===== SOURCE MATERIAL
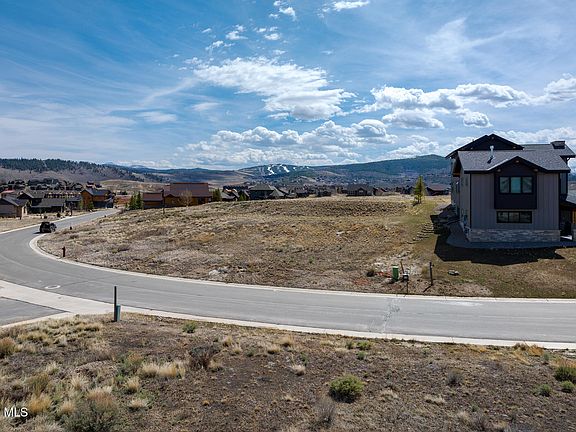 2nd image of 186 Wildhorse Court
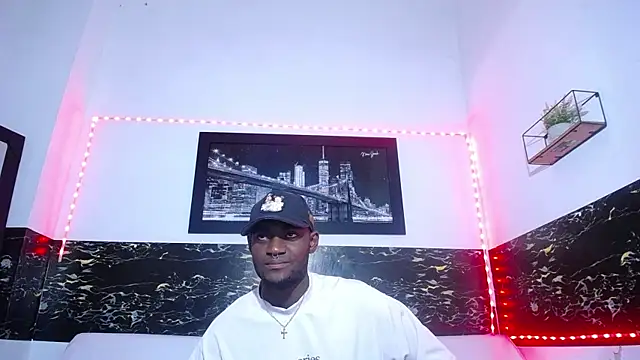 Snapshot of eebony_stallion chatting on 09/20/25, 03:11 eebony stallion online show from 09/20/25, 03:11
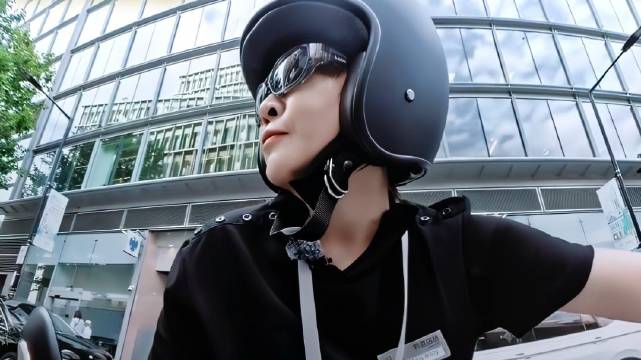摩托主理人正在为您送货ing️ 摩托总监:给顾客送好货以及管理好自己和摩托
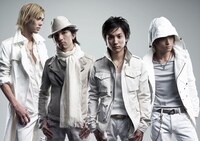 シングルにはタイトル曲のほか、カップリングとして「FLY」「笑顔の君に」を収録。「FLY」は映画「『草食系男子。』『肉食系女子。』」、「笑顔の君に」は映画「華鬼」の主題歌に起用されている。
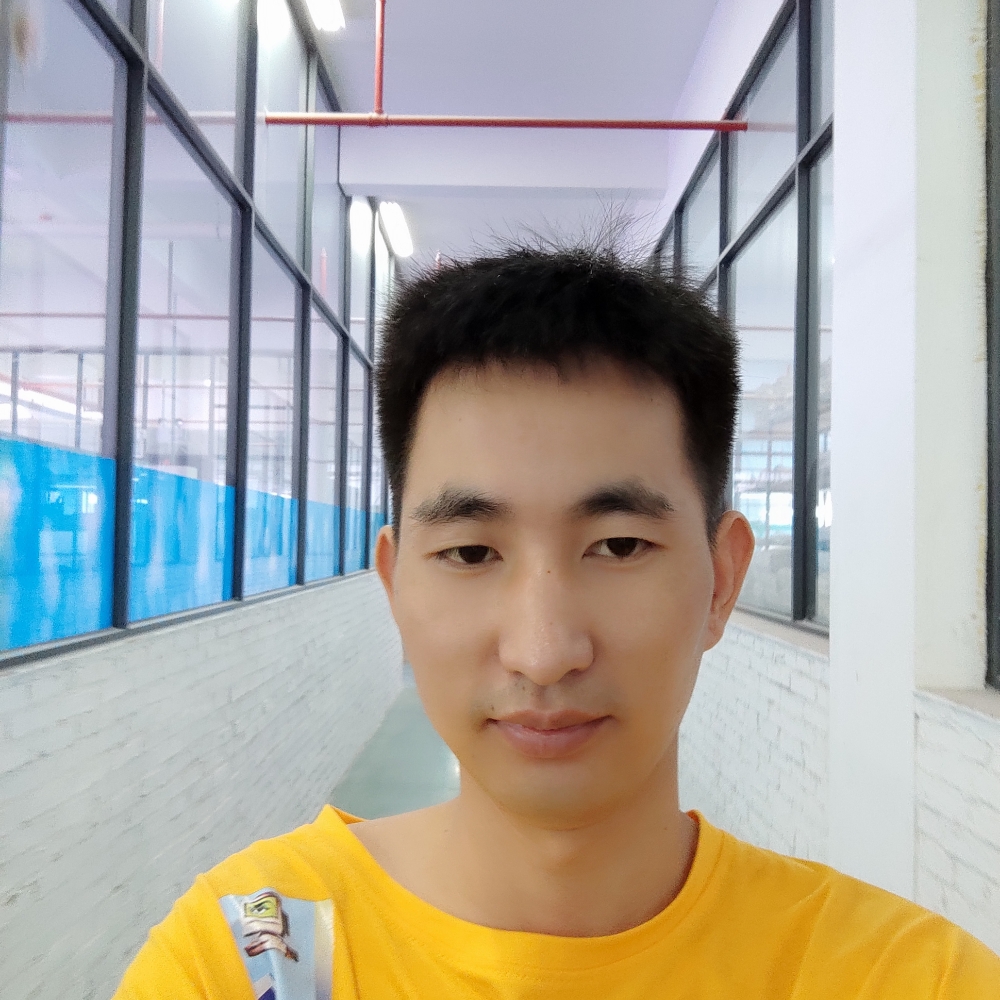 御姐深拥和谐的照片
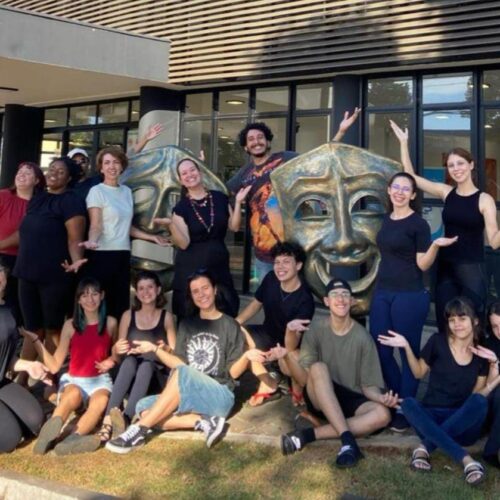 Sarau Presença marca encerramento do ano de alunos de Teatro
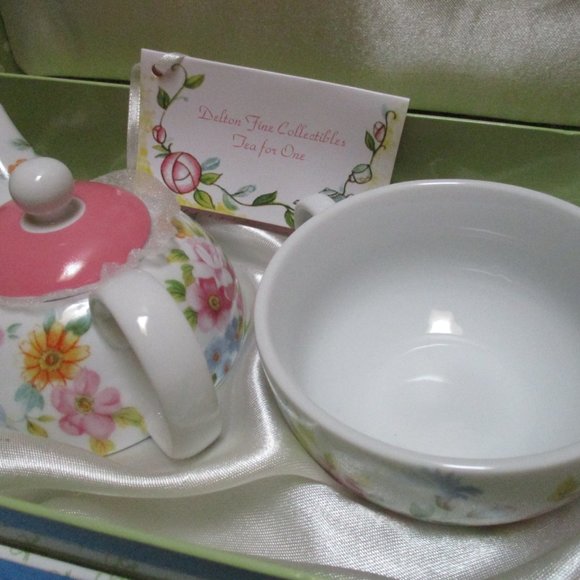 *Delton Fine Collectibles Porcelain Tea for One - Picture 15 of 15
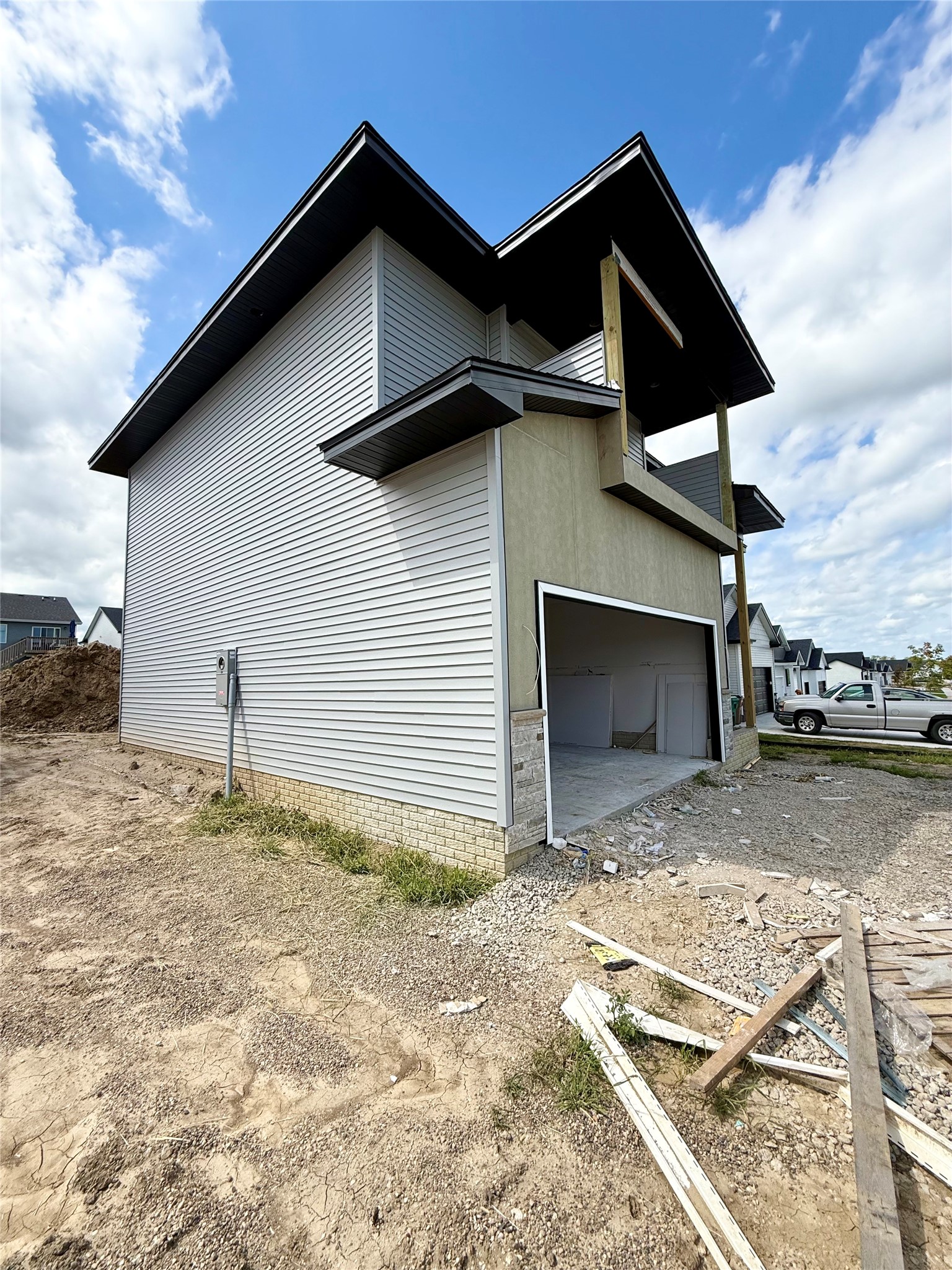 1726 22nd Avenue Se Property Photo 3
==========
===== SOURCE MATERIAL
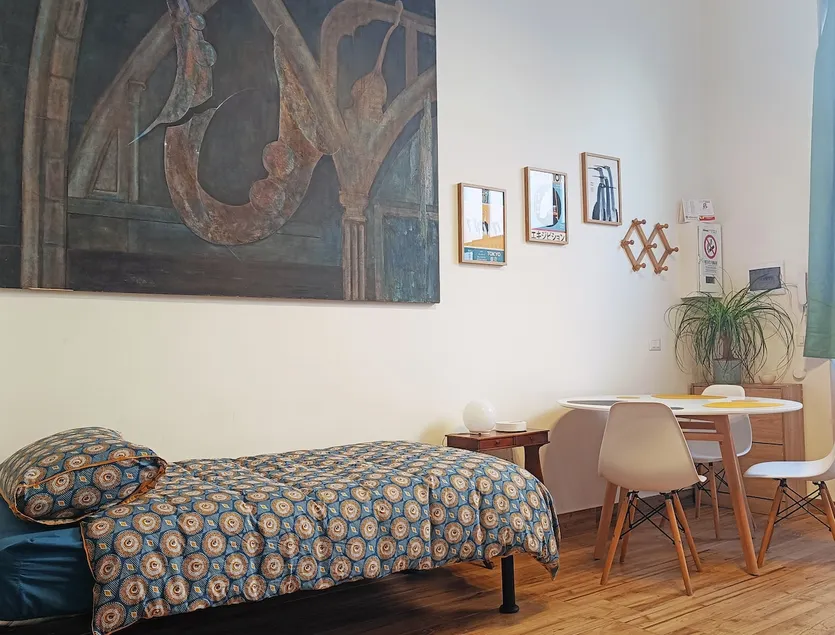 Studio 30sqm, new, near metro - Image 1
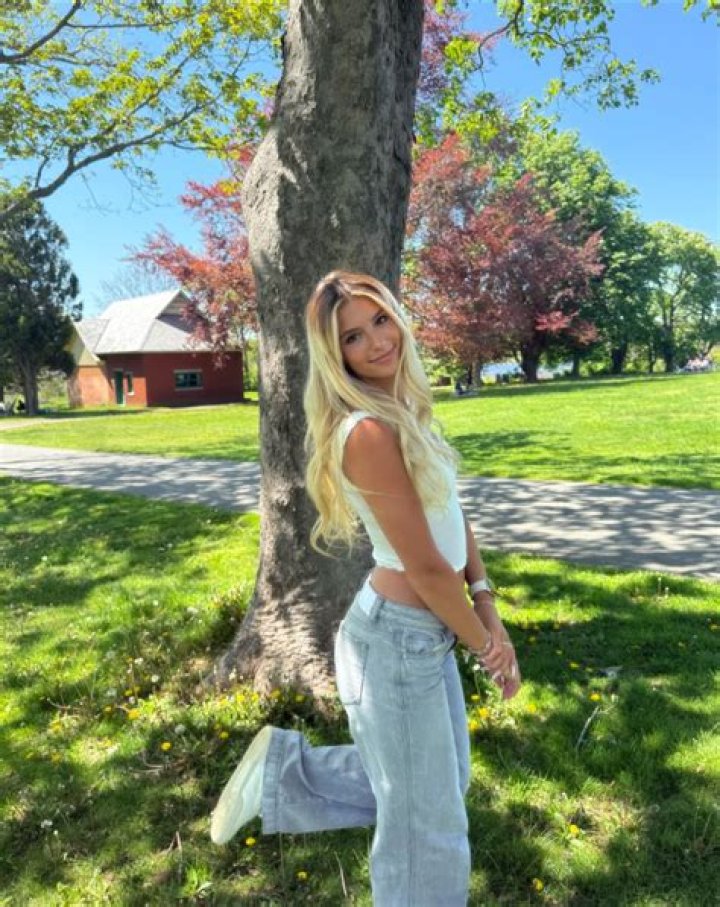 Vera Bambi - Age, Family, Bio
==========
→ **ABOUT THIS EXERCISE**
Would you copy out, exactly and with no pictures, only the lines above from the one that contains "2nd image of 186 Wildhorse Court" through the one that contains "Sarau Presença marca"?

→ **EXERCISE RESPONSE**
 2nd image of 186 Wildhorse Court
 Snapshot of eebony_stallion chatting on 09/20/25, 03:11 eebony stallion online show from 09/20/25, 03:11
摩托主理人正在为您送货ing️ 摩托总监:给顾客送好货以及管理好自己和摩托
 シングルにはタイトル曲のほか、カップリングとして「FLY」「笑顔の君に」を収録。「FLY」は映画「『草食系男子。』『肉食系女子。』」、「笑顔の君に」は映画「華鬼」の主題歌に起用されている。
 御姐深拥和谐的照片
 Sarau Presença marca encerramento do ano de alunos de Teatro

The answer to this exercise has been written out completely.